Dragon NaturallySpeaking vs Microsoft Speech Recognition
I recently heard from a large reseller of Dragon NaturallySpeaking who thinks ScanSoft Nuance should start giving away Dragon NaturallySpeaking Preferred - as a response to the competitive threat from the next version of Microsoft speech recognition, to be released with Windows Vista. The theory being that now is the time to get the general market "hooked" on DNS. While it's certainly an easy approach to take, it suffers from a few problems.
Switching costs for non-macro versions of speech recognition systems are not very high; just a few minutes of training, and an import of custom vocabularies. The primary speech user interface remains essentially the same – more on this later. In other markets, competitors against Microsoft might be able to rely on users knee-jerk dislike of “M$”, but it doesn't appear that ScanSoft has earned any customer loyalty. The second problem is that speech recognition is one of the remaining product domains where quality really matters. 98% recognition accuracy might be great from a speech recognition research perspective, but it's really just not very good from a user's perspective. Lots of work still needs be done. And I expect a users will go towards the product with greater accuracy and more responsiveness.
Let me instead offer my own suggestions for how Nuance can compete.
Nuance needs to open up. While I understand that they have significant intellectual property protection issues, listening and talking to customers can only help. Allowing employees to have their own weblogs and to participate on online discussion forums would go a long way towards reducing the enmity many of its most active users feel towards the company. Microsoft has at least 5 speech based weblogs (Sprague WebLog, Robert Brown, SpeechLead, Jen's Weblog, Rob's Rhapsody). In contrast, the silence from Nuance is deafening.

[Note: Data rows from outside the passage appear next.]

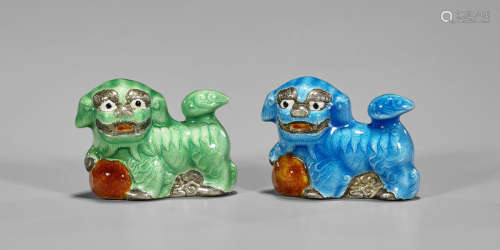 Pair Old Chinese Enameled Silver Fo Lions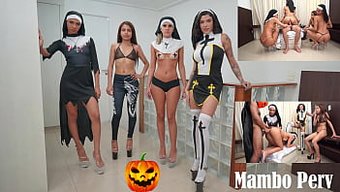 Cadılar Bayramı Temalı Rahibeler Yasak Cinsel Eylemlere Ve Grup Sekse Giriyorlar (Erotik, Grup Seks, Anal, Oral, Sakso)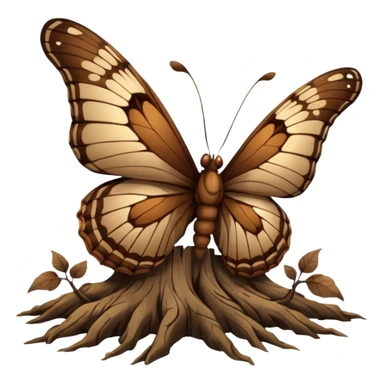 Dead butterfly emoji with broken wings weins with tree roots sticker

And of course the product needs to be improved. Some of the needed changes are architectural; dictation support for Word and Rich Text edit controls is no longer sufficient. Certainly RTF had its use back in the day, but the world has moved on. Adding support for the Windows Text Services Framework would make it easier for application vendors to have built-in free support for speech recognition. Without this application vendors have a choice to make when developing their applications. If they support the TSF they automatically support Windows speech-recognition, tablet input, virtual keyboard input and whatever other devices Windows ends up supporting. Or they can build specifically for DNS - an easy choice I would think for any application vendor.

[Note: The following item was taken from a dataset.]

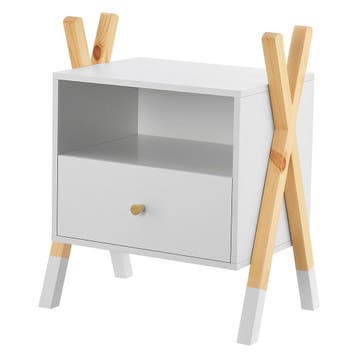 Nachtkastje Jamie - wit/houtkleur - 1 lade, Huis en Inrichting, Slaapkamer | Nachtkastjes, Verzenden, Nieuw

The GUI needs improvement. This is well covered territory, but specifically the command browser is in desperate need of a mercy killing and I would follow up with a redesign for the DragonBar, throw in some new icons, and allow users to change the font size of the correction menu.

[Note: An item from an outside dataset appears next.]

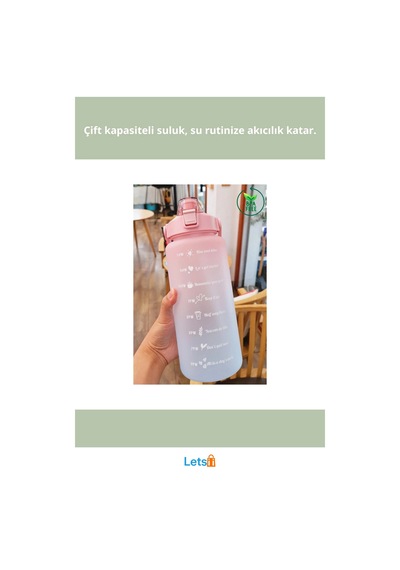 Motivasyonel Su Matarası 2000 Ml Ve 900 Ml Pipetli Çok Renkli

API - $2000 for the documentation of an ActiveX based API is just silly. This is an area where Nuance needs to meet Microsoft's pricing. With Windows Vista not only will users get a free speech recognition product, but developers will get a free speech API. A native .Net API, and more exposed functionality would help.
Innovation - this is needed on two different levels. Real improvements are needed in accuracy and responsiveness, but more than just Nuance need to take a lead in speech user interfaces. As I mentioned before the basic command structure for Dragon NaturallySpeaking and Microsoft Speech Recognition are quite similar. Users trained in one will really have no difficulty migrating to the other. But there's plenty of room for improvement in speech user interfaces.
Speech user interfaces, are in essence, the command line all over again - the user is expected to know in advance how to use the system.
One of the design philosophies at Applied Recognition is that the speech user interface is backed up with a graphical user interface - there's no need to guess what the command might be. In a sense this is a start towards an inductive user interface for speech. Innovation in this area from Nuance is needed to improve the user experience for its customers, and make it more difficult for its customers to switch to competing products.